A good article here about the loss of Arctic ice. The uncertainties in the modelling are noted:
Computer models that simulate how the ice will respond to a warming climate project that the Arctic will be seasonally ‘ice free’ (definitions of this vary) some time between 2040 and the end of the century. But the observed downward trend in sea-ice cover suggests that summer sea ice could disappear completely as early as 2030, something that none of the models used for the next report by the Intergovernmental Panel on Climate Change comes close to forecasting1.
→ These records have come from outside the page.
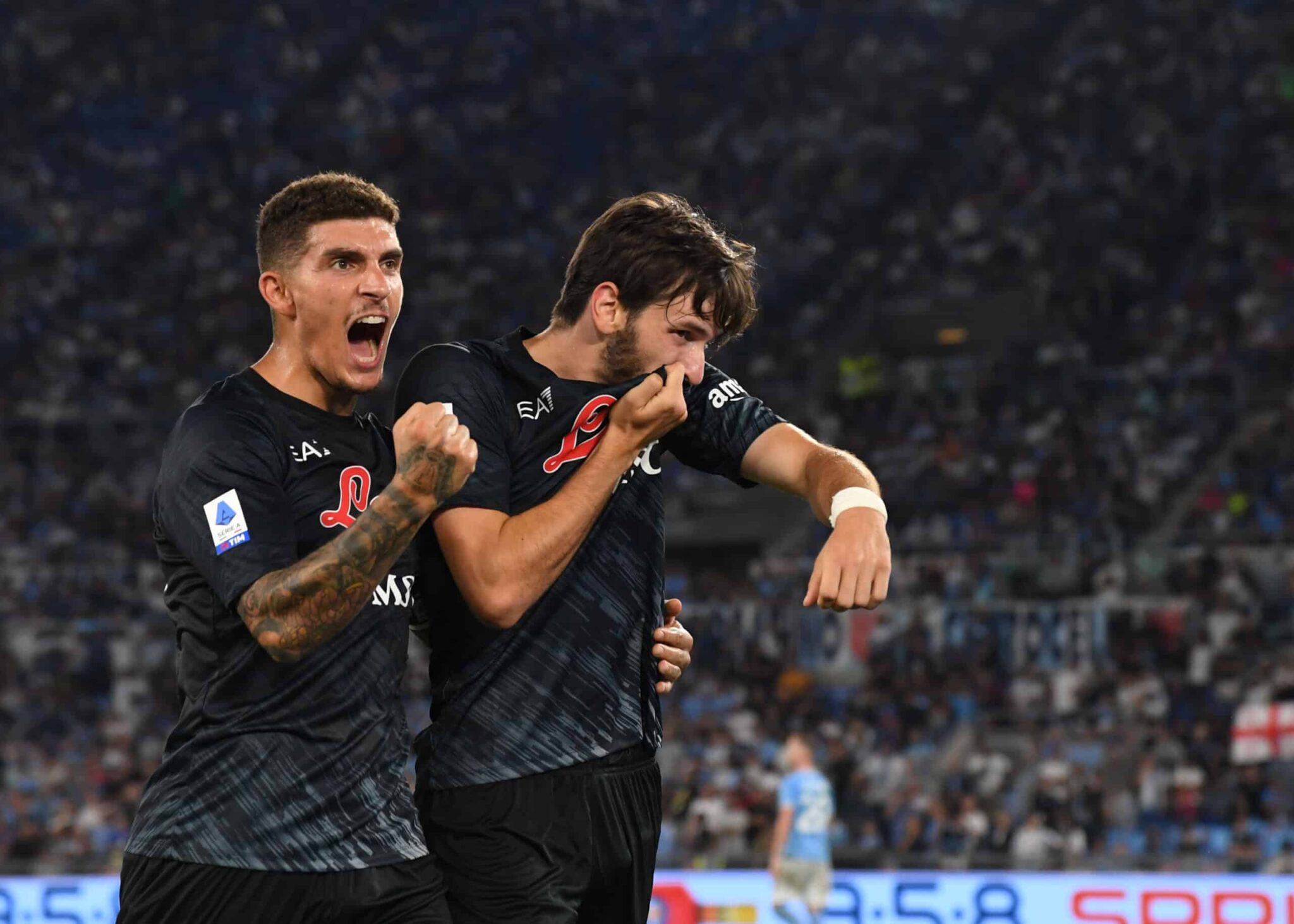 Gazzetta Kvaratskhelia Che Show La Classe Dal Profondo Est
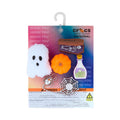 Spooky Halloween Sonstiges Unisex - wit, oranje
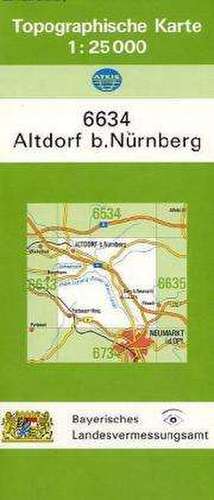 Altdorf bei Nürnberg 1 : 25 000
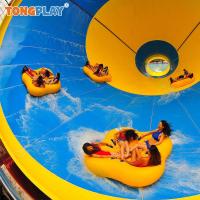 Aqua Park Design Backyard Water Theme Park Equipment Adult Aqua World Attraction Big Speaker Slide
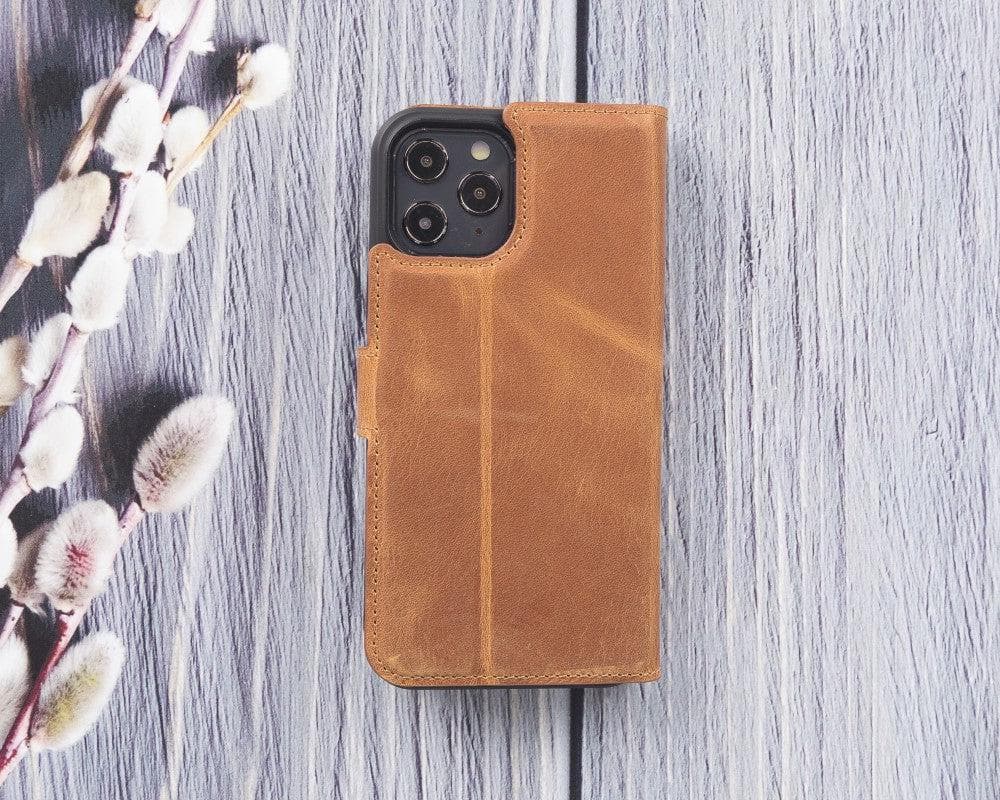 Magic iPhone 12 Mini Detachable Leather Wallet Case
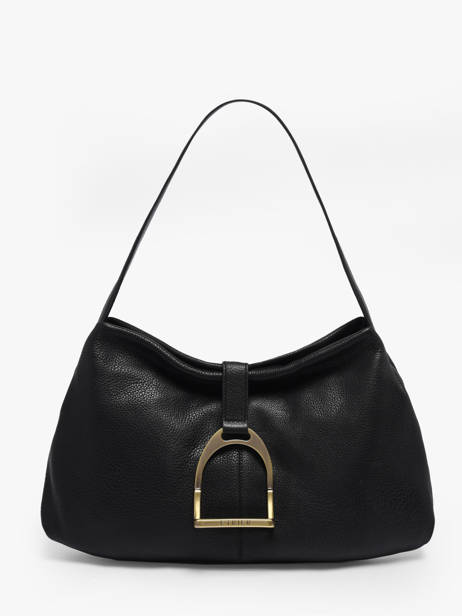 Sac Porté épaule S Etalon Cuir Etrier Noir etalon EETA197S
“There’s a tremendous spread between observations and model projections,” says Serreze. “It might be that natural variability is larger than assumed, or perhaps models don’t get the change in ice thickness right.” Uncertainty also remains over the strength of various natural ‘feedbacks’. For example, an exposed ocean is darker than an ice-covered surface and so absorbs more solar heat, causing yet more warming and melting.
A lack of fine detail about circulation patterns in the Arctic Ocean could also be throwing off the models. For example, a survey carried out in 2008 revealed 20 formerly unobserved eddies, each some 15 to 20 kilometres in diameter, in waters north of Canada. “Whether these are new features, and what role they might play for ocean-mixing processes, we don’t know yet,” says Yves Gratton, an oceanographer and Arctic researcher at the National Institute of Scientific Research in Montreal, Canada.
Ice loss could also accelerate if the ice pack’s underlying waters warm up. Unlike in most of the world’s oceans, the coldest water in the Arctic, at −1 °C to −2 °C, is at the surface; below a depth of 200–300 metres, saltier and warmer water of about 1 °C flows in from the Atlantic. The cold surface layer — called the halocline — isolates the sea ice from the warmer water below.The article also notes that it may well mean a lot of snow this winter in the US or Europe.
But the halocline is vulnerable to warming from above, says Henning Bauch, a marine geologist at the GEOMAR research centre in Kiel, Germany. A thinning halocline — something that has not yet been observed — would not only jeopardize the sea ice but could also melt the carbon-rich permafrost beneath shallow coastal waters2, releasing greenhouse gases into the atmosphere.